In January 2020, I was so privileged to visit the ancient city and tell the story of its people. What stood out to me the most was how friendly the people were. I first shook their hands warmly and then asked in Arabic: “Can I take your photo?” I gave people my full attention and most were delighted to have their portrait taken, especially once they learned that I came from New Zealand. I showed them the back of my camera at the end so they could appreciate their photo. They always felt honoured and respected. I consider it my privilege to be able to share these glimpses into their lives with the wider world.
I wanted to visit Cairo for a long time and was so glad when the opportunity came. I always admired the long and rich history of Egypt and found the experience of modern-day Cairo to be incredible in its own right. The whole city buzzes with all kinds of different people.

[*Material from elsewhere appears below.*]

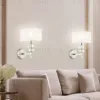 Бра Ambrella Light High Light Classic LH71335 LH71335 - 4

Despite many of the people being poor, they have a wonderful faith in Allah.
Considered to be one of the cradles of civilisation, Cairo is an incredible place – the Egyptians refer to it as “the Mother of the World”. Throughout history, Egypt has witnessed some of the fundamental steps humanity has made in the developments of writing, agriculture, urbanisation, organised religion and central government. It has been influenced by many empires over the years: Greek, Persian, Roman, Arab, Ottoman, Turkish, and Nubian to name a few.
Faces of Cairo is a documentary collection. Most of the photos had little or no retouching. I asked people to look straight into my camera, so these are not candid photos. The strength of this series is in giving viewers a rare opportunity to connect with the common Egyptian people in their natural environment. This diverse group of people serves as a timely reminder that, despite our many cultural differences, we can unite as a community through the power of photography. The collection is a celebration of our shared values of hard work, the importance of family and caring for each other as humans. I hope that through this portfolio viewers learn about the Egyptian people. In sharing this portfolio I encourage viewers to show tolerance: to accept others and to recognise the value of cultural diversity. We would all experience an enhanced sense of community if we took the time to appreciate interactions which allow us to discover the world beyond our familiar boundaries. We are all wonderfully unique, yet, at the same time, we are deeply the same.
I present these photographs in timeless monochrome, to ensure consistency and flow of the series amidst the chaos and clutter of the busy environment. My aim is to create an authentic portfolio of diverse individuals in a foreign land. My goal is to tell their stories using a clear narrative style and enduring quality. The portraits are crisp and sharp, to allow the details to inspire your imagination and to evoke emotions. I hope that viewers feel the atmosphere and connect with the people.